Xsan includes multiple safeguards to avoid a situation where an Xsan volume is active on more than one MDC. This script is not required. It is provided as an example for sites where an additional hardware-based method is desired to prevent this unlikely scenario.

Use of this script is optional and at your own risk. Verify system requirements before installing. Apple does not provide support for modifications of this script.

Notes

  • This script is designed for Xsans with two MDCs running Xsan 2.1.1. Do not deploy this script if your Xsan volume has more than two MDCs.

  • Both MDCs must be Intel-based Xserves because of the LOM commands this script uses to send the reboot signal.

  • This script can be used in Xsans with more than one volume. Each volume should be configured to run on both MDCs with the same failover priority.

  • It is recommended that only Xsan and Open Directory services be hosted on Xsan MDCs. If Open Directory services are running on the MDCs, it is important that an Open Directory Replica be available at all times.
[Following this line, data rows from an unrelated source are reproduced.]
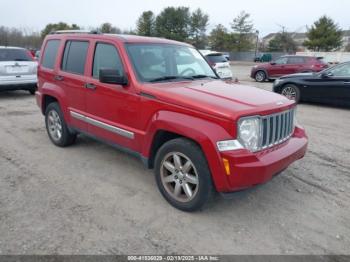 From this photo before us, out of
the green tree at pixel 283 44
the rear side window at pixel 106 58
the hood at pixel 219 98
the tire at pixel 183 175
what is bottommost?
the tire at pixel 183 175

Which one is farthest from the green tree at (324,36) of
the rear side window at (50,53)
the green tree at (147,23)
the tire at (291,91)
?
the rear side window at (50,53)

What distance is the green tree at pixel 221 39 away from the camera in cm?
6762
This will ensure continual availability of Open Directory services should an MDC be rebooted by this script.

  • Important: The MDC’s internal hard drives should be formatted as Mac OS Extended with journaling enabled.

Installing the script

Perform these steps on both MDCs:

  1. Use the steps described in this article to configure the LOM Addresses.

  2. Create a LOM password file by executing this command:

    sudo sh -c "echo PASSWORD > /private/var/root/Other_MDCs_LOM_Password"

    Replace ‘PASSWORD’ with the LOM administrator’s password on the other MDC.

  3. Restrict access to the LOM password file by executing the following commands in Terminal:

    sudo chmod 400 /private/var/root/Other_MDCs_LOM_Password

    sudo chown root:wheel /private/var/root/Other_MDCs_LOM_Password

  4. Back up the original script by executing this Terminal command:

    sudo mv /Library/Filesystems/Xsan/bin/cvfail /Library/Filesystems/Xsan/bin/cvfail.bak

  5. To create the new script, copy the text below beginning with the line “#!/bin/sh” to the “# end script” line. Paste the text into a new plain text document in TextEdit, using these guidelines.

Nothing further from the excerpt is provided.